U.S. manufacturers consumed $170.8 million worth of cutting tools during September, a decline of 1.3% from August, and an 11.7% drop from the September 2014 result. The figures are drawn from the Cutting Tool Market Report (CTMR), a monthly presentation by the U.S. Cutting Tool Institute (USCTI) and AMT – the Association for Manufacturing Technology, which track consumption of cutting tools as a reliable indicator of manufacturing activity in the U.S.
This September’s results had been expected to compare poorly with the year-ago figure, which incorporated sales of cutting tools recorded during IMTS 2014.
The data in the CTMR is based on actual totals reported by participating companies, who represent the majority of the U.S. market for cutting tools.
The report’s sponsors maintain that cutting tools are “the primary consumable in the manufacturing process,” and that cutting tool consumption “is a true measure of actual production levels.” Unlike the U.S. Manufacturing Technology Orders report, also presented monthly by AMT, — which measures new orders for machine tools as an indicator of businesses’ confidence in the sector — the CTMR is an index of current business activity.
September’s result marks the third consecutive monthly decline for cutting tools, amid a manufacturing sector that has lacked vigor for most of the past two years.
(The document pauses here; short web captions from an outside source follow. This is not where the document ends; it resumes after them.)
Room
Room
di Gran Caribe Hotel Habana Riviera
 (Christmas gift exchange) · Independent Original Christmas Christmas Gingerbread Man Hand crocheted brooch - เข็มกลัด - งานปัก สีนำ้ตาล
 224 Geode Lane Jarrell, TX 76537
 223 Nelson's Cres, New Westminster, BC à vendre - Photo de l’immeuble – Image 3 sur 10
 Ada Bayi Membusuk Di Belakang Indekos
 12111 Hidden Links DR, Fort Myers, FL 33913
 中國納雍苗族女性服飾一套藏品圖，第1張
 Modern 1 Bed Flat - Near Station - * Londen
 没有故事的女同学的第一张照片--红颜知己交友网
However, the recently issued USMTO report for September showed an increase in orders, suggesting some degree of confidence by machine shops and other manufacturers in future market conditions.
"The month to month performance shows little change and certainly no significant recovery from the effects of the strong dollar and low oil prices, therefore the current industry conditions will continue," stated Brad Lawton, chairman of AMT’s Cutting Tool Product Group.